T.Z.P. is issue-based, problem-solving, a bit charisma-seeking, occasionally preachy, frequently imbalanced and yet profoundly touching. It has no great messages (thats one of the good things). It just reminds that there are always children who’d simply love and enjoy not doing the fruitful and the result-oriented. They might love to watch young birdies in their nest or the train of ants carrying food or a bee struggling out of water or the little kitten trying to climb the tree and falling every time or a rainbow in the little water supplies meandring in the backyard-garden. Ishaan doesn’t do most of these things, except the first one. I did all of them. But he does hundred other similar things. I should not forget though that there is also a BIG difference between two of us. He is a dyslexic kid. And one more difference, a BIGGER one: Ishaan paints what he likes. I drew and painted what would fetch appreciation of my papa=what was in the syllabus. In that sense, I am still a bit of my former self. Now, I either don’t paint or don’t know what to paint?
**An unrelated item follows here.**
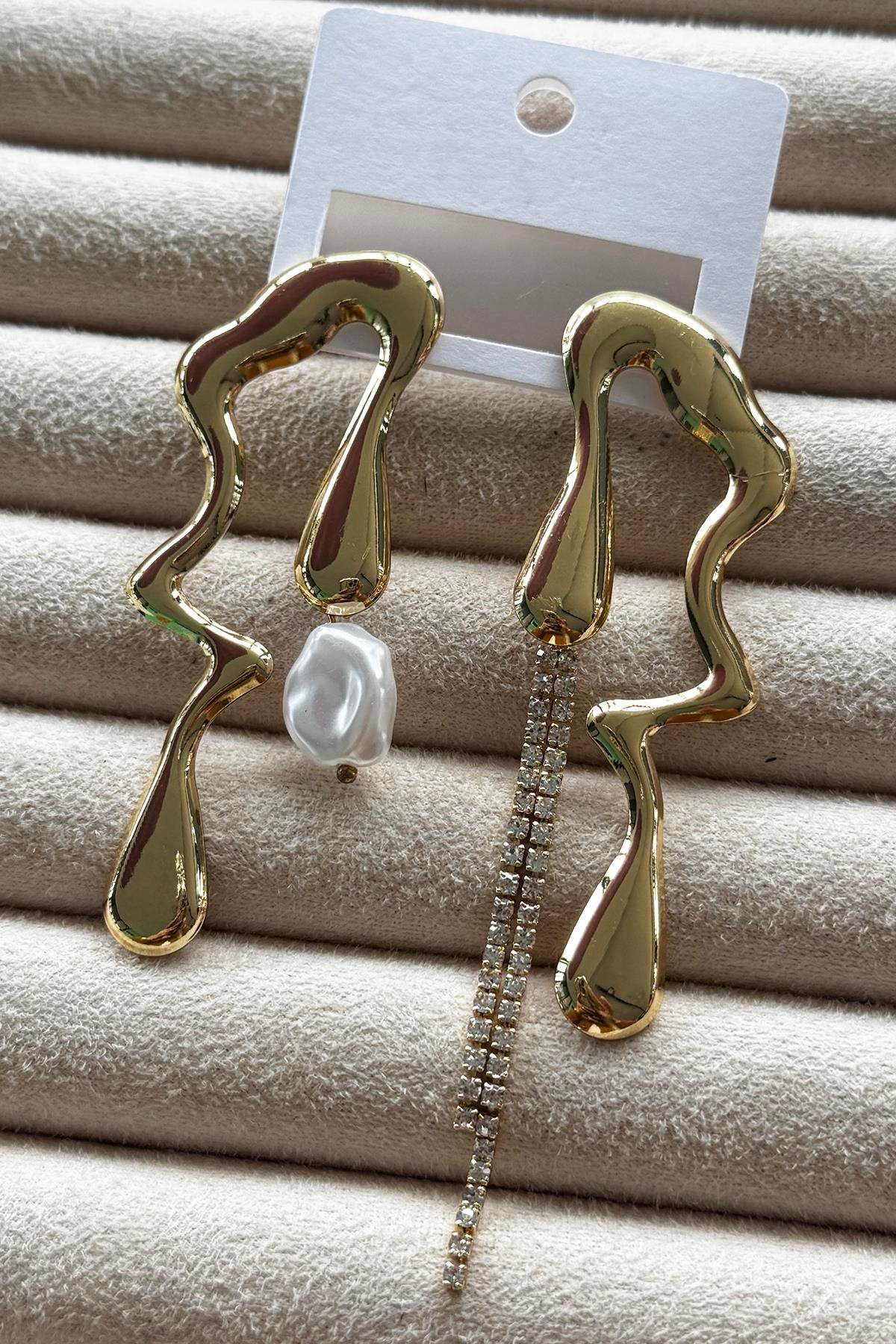 Altın Renk İnci Ve Taş Detaylı Abiye Küpe (Çift)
He doesn’t ‘want’ to paint, it comes from within as his only communication with the world. I have developed a thousand other silly ways of communicating with the world. I still ‘want’ to paint. I type ‘want’and the word starts playing…has it become a want?
But lets not be swayed by the heavy pathos or nostalgia of an unlived past. As I said earlier, T.Z.P. also reminded that I wasn’t very unhappy not being this/that smart; I wasn’t very unhappy not painting! Yes! Its in retrospect, after studying and competing for so long that I have started missing it ; after finding my thousand silly ways I have started missing one way that I didn’t tread.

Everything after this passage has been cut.